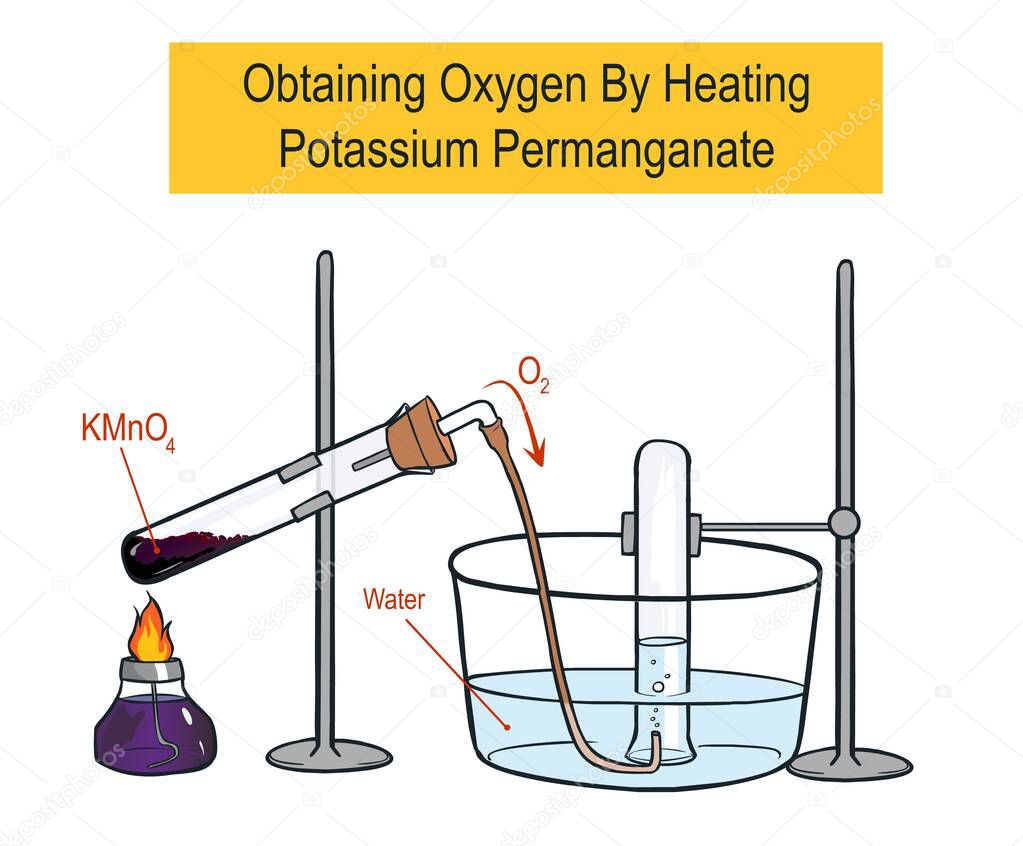 Vector illustration of Obtaining Oxygen By Heating Potassium Permanganate 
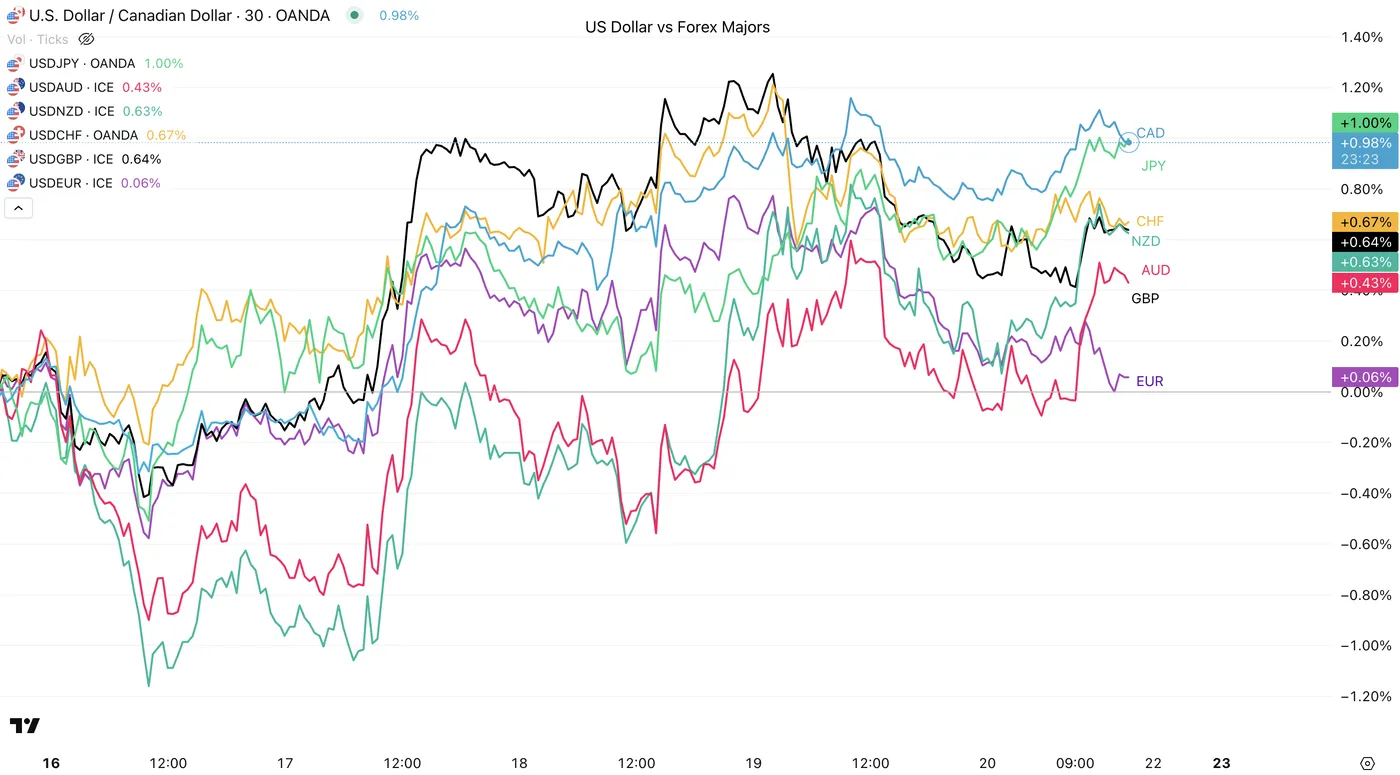 US Dollar vs Forex Majors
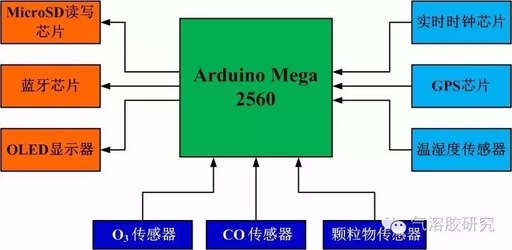 Open Source Hardware Air Pollution Measurement Platform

TASK DESCRIPTION » Write out the material above exactly. Skip the pictures.

REPLY TO THE TASK »
 Vector illustration of Obtaining Oxygen By Heating Potassium Permanganate 
 US Dollar vs Forex Majors
 Open Source Hardware Air Pollution Measurement Platform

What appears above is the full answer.